THE DATA below:

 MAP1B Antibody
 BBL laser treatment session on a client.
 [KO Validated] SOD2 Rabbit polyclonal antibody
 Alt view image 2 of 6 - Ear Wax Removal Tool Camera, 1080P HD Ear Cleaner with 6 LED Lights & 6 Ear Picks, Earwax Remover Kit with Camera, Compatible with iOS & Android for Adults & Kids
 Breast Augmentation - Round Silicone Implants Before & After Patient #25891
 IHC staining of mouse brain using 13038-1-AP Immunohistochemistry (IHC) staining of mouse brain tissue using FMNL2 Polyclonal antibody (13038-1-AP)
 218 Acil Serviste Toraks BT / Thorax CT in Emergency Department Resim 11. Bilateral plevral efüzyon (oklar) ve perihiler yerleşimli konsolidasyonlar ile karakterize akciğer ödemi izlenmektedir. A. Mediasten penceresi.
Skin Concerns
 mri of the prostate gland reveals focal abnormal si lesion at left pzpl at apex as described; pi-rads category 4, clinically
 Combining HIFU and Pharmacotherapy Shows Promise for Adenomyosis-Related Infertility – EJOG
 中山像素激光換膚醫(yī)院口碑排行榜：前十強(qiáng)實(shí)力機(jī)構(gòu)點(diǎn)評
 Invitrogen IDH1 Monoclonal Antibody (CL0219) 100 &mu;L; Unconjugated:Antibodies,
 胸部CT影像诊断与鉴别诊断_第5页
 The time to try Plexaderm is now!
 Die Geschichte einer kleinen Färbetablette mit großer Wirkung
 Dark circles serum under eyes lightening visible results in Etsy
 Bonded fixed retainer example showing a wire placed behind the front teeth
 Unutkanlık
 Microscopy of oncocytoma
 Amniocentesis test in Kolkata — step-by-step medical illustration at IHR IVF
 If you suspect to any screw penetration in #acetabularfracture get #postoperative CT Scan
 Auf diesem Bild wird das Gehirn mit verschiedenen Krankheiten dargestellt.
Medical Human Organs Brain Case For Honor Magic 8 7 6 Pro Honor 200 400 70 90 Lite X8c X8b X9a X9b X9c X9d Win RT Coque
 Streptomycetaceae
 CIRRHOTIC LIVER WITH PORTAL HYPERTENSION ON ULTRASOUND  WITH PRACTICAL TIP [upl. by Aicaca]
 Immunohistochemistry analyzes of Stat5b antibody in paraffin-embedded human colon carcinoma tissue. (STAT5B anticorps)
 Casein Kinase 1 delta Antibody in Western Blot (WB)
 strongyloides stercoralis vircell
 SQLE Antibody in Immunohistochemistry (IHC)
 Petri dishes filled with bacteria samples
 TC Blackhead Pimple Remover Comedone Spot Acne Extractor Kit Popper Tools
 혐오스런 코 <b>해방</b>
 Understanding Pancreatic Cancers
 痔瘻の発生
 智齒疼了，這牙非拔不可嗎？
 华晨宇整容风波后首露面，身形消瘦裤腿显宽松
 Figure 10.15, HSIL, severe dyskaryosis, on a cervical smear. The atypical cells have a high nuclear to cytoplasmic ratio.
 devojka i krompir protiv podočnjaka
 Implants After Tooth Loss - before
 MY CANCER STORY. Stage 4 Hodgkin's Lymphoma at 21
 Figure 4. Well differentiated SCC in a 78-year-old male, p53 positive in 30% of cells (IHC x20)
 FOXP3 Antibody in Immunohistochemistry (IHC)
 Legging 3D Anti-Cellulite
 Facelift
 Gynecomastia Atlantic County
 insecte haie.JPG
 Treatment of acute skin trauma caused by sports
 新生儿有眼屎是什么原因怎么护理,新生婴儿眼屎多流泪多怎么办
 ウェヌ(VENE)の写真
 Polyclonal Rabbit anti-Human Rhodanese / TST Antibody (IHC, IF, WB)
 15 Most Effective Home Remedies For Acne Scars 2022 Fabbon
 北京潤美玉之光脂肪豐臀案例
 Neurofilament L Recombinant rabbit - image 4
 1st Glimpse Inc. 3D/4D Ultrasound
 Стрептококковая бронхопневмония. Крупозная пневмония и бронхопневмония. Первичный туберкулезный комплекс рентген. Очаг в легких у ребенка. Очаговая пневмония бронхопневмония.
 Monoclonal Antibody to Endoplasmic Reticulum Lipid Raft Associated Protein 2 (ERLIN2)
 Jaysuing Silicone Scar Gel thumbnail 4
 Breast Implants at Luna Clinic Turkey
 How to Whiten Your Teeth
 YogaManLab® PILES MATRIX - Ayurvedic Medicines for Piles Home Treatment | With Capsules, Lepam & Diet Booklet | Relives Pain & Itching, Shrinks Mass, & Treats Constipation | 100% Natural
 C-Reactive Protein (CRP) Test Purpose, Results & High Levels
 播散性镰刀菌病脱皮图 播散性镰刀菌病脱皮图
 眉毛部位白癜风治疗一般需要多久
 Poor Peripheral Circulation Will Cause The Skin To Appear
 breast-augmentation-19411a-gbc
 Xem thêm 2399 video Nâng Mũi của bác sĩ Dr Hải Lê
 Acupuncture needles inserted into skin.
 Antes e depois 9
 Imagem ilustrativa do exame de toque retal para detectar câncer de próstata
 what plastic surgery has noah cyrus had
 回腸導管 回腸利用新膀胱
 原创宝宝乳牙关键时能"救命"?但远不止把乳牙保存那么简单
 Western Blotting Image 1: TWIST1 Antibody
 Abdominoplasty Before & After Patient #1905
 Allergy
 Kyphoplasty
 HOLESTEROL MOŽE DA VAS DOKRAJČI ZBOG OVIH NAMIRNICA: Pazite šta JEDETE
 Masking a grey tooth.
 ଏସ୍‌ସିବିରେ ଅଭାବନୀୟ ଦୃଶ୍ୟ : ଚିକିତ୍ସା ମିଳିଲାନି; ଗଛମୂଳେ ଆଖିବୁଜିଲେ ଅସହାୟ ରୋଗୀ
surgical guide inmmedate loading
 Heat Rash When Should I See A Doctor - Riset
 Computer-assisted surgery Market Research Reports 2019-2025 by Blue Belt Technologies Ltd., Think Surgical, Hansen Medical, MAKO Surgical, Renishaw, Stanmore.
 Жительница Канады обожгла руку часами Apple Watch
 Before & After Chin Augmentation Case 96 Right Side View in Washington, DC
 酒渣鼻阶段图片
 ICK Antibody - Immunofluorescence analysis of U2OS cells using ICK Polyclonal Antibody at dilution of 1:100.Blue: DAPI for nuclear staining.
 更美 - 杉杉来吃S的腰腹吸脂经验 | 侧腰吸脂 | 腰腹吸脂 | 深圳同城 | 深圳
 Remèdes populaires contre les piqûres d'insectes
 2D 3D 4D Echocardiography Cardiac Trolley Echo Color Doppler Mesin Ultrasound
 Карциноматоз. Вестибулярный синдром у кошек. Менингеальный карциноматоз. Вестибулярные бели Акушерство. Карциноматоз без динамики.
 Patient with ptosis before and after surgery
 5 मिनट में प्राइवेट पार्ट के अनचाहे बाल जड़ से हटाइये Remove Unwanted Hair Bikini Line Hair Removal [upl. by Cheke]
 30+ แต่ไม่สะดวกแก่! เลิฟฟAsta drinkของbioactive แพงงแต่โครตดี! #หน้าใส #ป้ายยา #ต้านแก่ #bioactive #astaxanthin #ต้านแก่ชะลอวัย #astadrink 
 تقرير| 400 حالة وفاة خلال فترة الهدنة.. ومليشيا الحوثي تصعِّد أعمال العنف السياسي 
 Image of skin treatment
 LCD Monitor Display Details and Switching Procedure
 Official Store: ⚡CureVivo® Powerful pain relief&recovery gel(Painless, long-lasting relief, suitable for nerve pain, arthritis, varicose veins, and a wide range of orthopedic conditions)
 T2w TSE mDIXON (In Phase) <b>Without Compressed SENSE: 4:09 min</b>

End of THE DATA.

* [EXERCISE INSTRUCTIONS]:
Above are the records; repeat exactly the lines from the one holding "Alt view image" down to the one holding "Amniocentesis test in", end lines included.

* [RESPONSE TO THIS TASK]:
 Alt view image 2 of 6 - Ear Wax Removal Tool Camera, 1080P HD Ear Cleaner with 6 LED Lights & 6 Ear Picks, Earwax Remover Kit with Camera, Compatible with iOS & Android for Adults & Kids
 Breast Augmentation - Round Silicone Implants Before & After Patient #25891
 IHC staining of mouse brain using 13038-1-AP Immunohistochemistry (IHC) staining of mouse brain tissue using FMNL2 Polyclonal antibody (13038-1-AP)
 218 Acil Serviste Toraks BT / Thorax CT in Emergency Department Resim 11. Bilateral plevral efüzyon (oklar) ve perihiler yerleşimli konsolidasyonlar ile karakterize akciğer ödemi izlenmektedir. A. Mediasten penceresi.
Skin Concerns
 mri of the prostate gland reveals focal abnormal si lesion at left pzpl at apex as described; pi-rads category 4, clinically
 Combining HIFU and Pharmacotherapy Shows Promise for Adenomyosis-Related Infertility – EJOG
 中山像素激光換膚醫(yī)院口碑排行榜：前十強(qiáng)實(shí)力機(jī)構(gòu)點(diǎn)評
 Invitrogen IDH1 Monoclonal Antibody (CL0219) 100 &mu;L; Unconjugated:Antibodies,
 胸部CT影像诊断与鉴别诊断_第5页
 The time to try Plexaderm is now!
 Die Geschichte einer kleinen Färbetablette mit großer Wirkung
 Dark circles serum under eyes lightening visible results in Etsy
 Bonded fixed retainer example showing a wire placed behind the front teeth
 Unutkanlık
 Microscopy of oncocytoma
 Amniocentesis test in Kolkata — step-by-step medical illustration at IHR IVF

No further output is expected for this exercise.